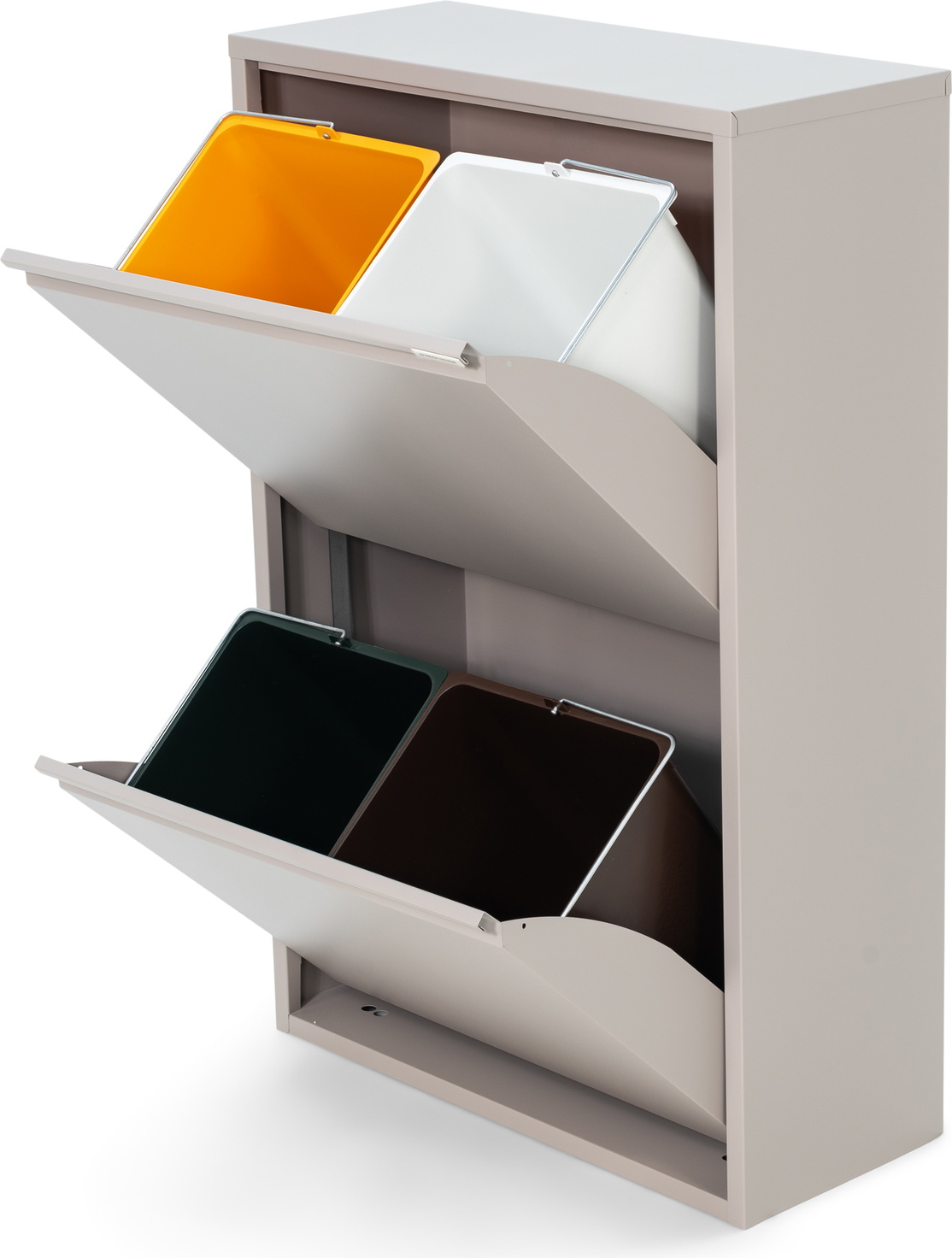 Affaldssorterer/skraldespand Spinder Design Gigi 74 L taupe-lakeret stål med 4 inderspande og nøglehulsophæng Taupe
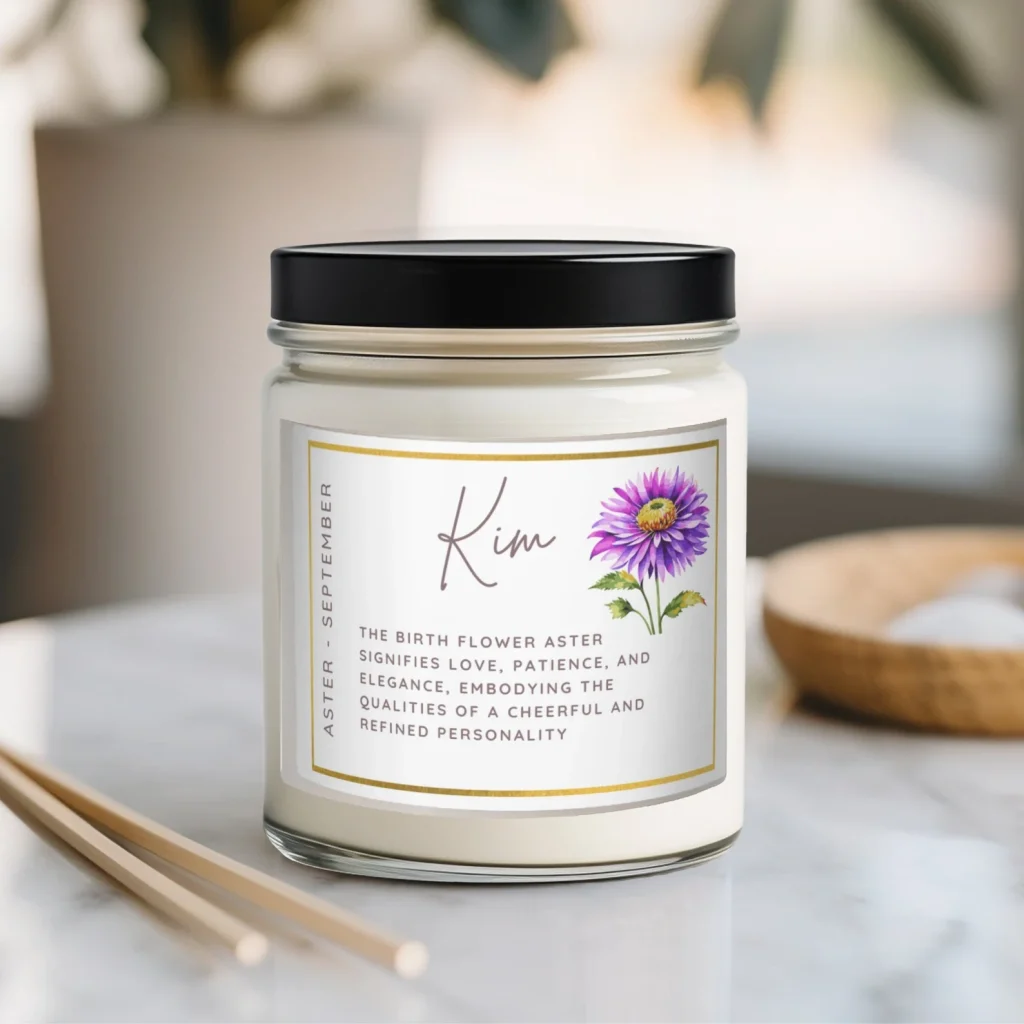 Personalized aster birth flower candle with a meaningful message, a thoughtful choice for September birthday gift ideas.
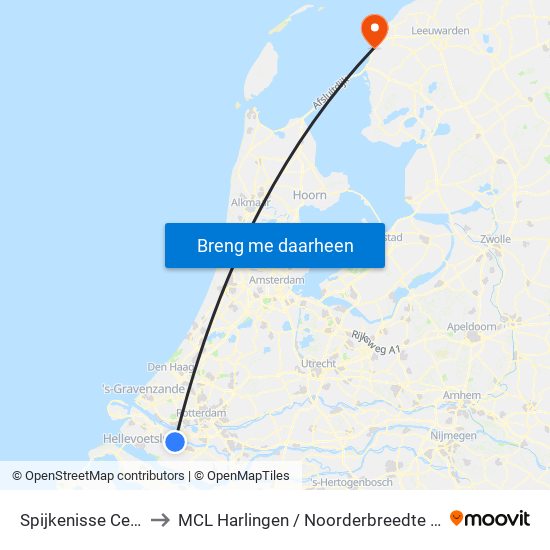 Spijkenisse Centrum to MCL Harlingen / Noorderbreedte De Batting map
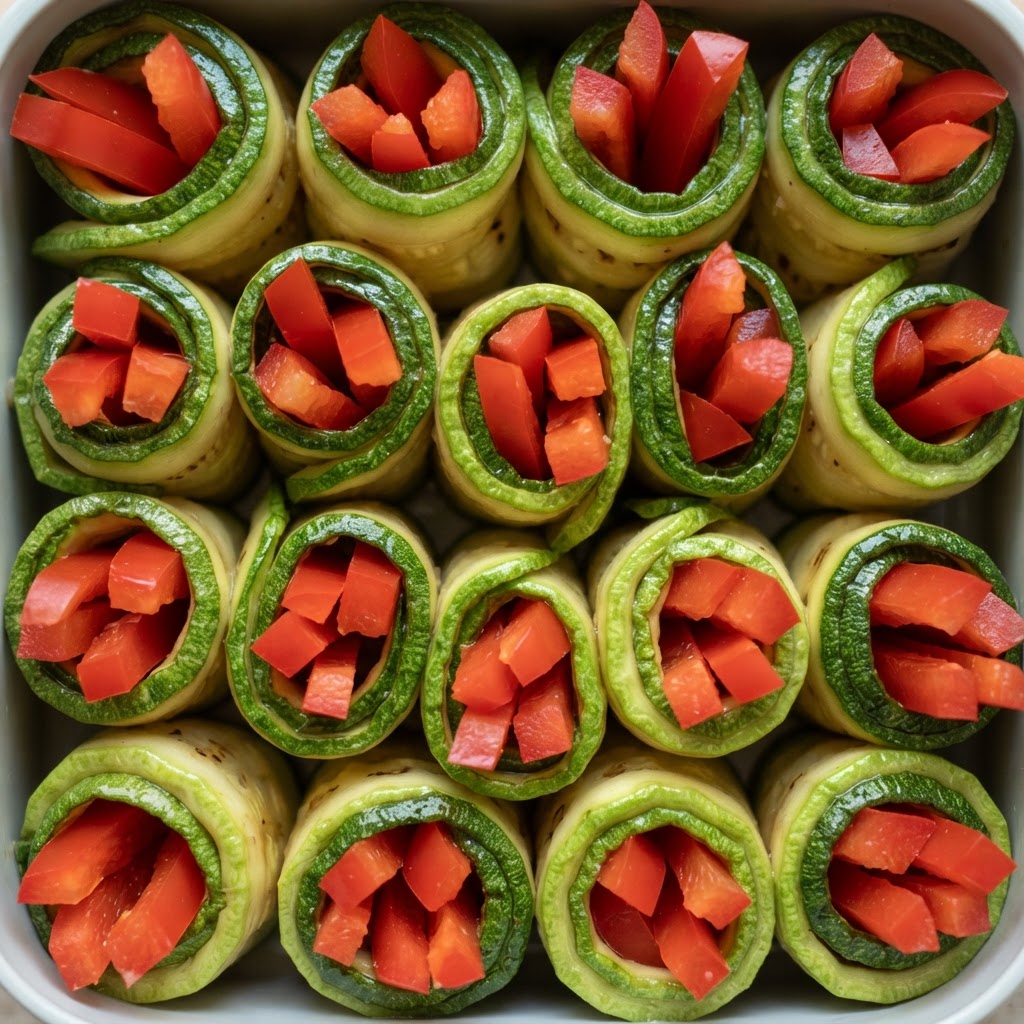 Rollitos de Calabacín y Pimiento al Estilo Mediterráneo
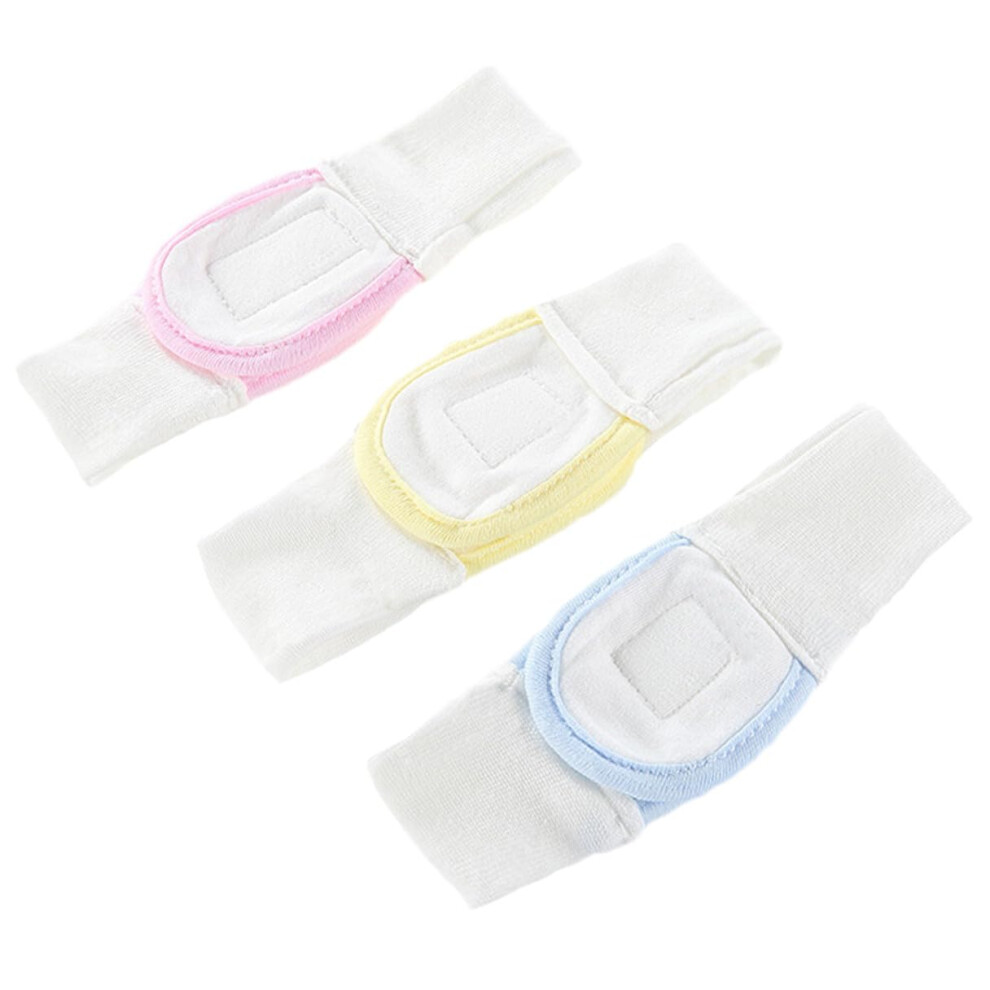 3pcs Baby Diaper Belt Adjustable Elastic Reusable Cotton Fastening Strap for Newborns Blue Yellow Pink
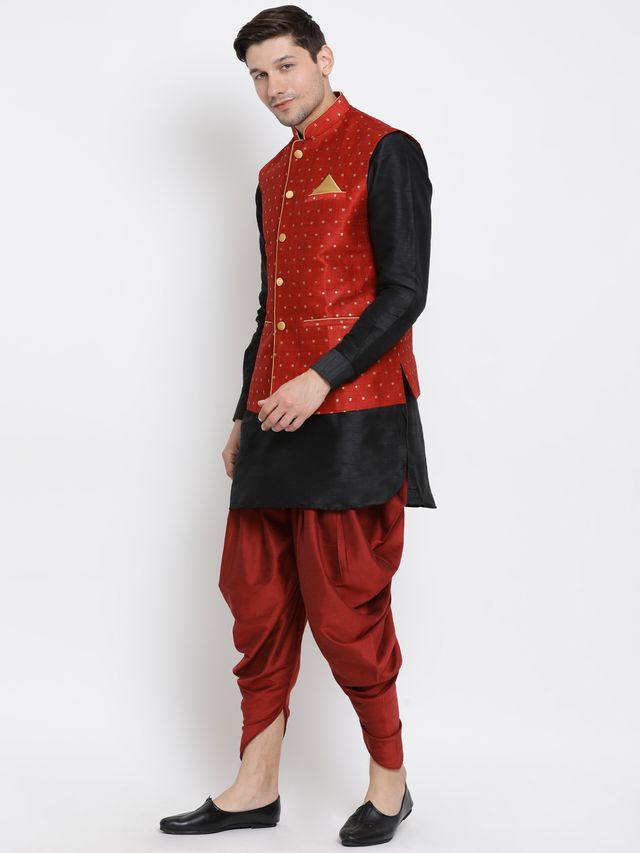 Men's Black Silk Blend Straight Jacket Kurta and Dhoti Set
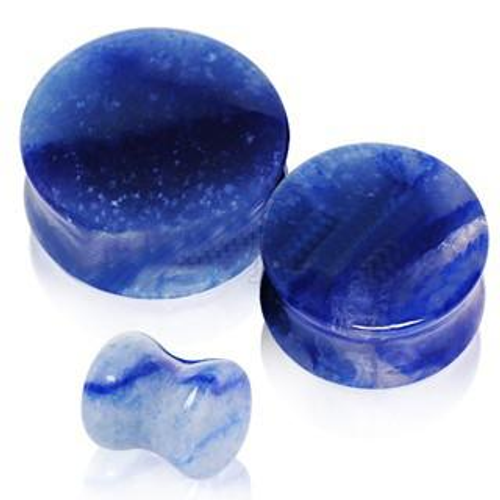 Natural Blue Adventurine Stone Saddle Plug - PLE034-4p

■ ■ ■

→ **ACTIVITY**: Give the lines again word for word, from the start of the records to the line holding "Spijkenisse Centrum to", both included, and leave out any picture.

→ **TASK RESPONSE**:
 Affaldssorterer/skraldespand Spinder Design Gigi 74 L taupe-lakeret stål med 4 inderspande og nøglehulsophæng Taupe
 Personalized aster birth flower candle with a meaningful message, a thoughtful choice for September birthday gift ideas.
 Spijkenisse Centrum to MCL Harlingen / Noorderbreedte De Batting map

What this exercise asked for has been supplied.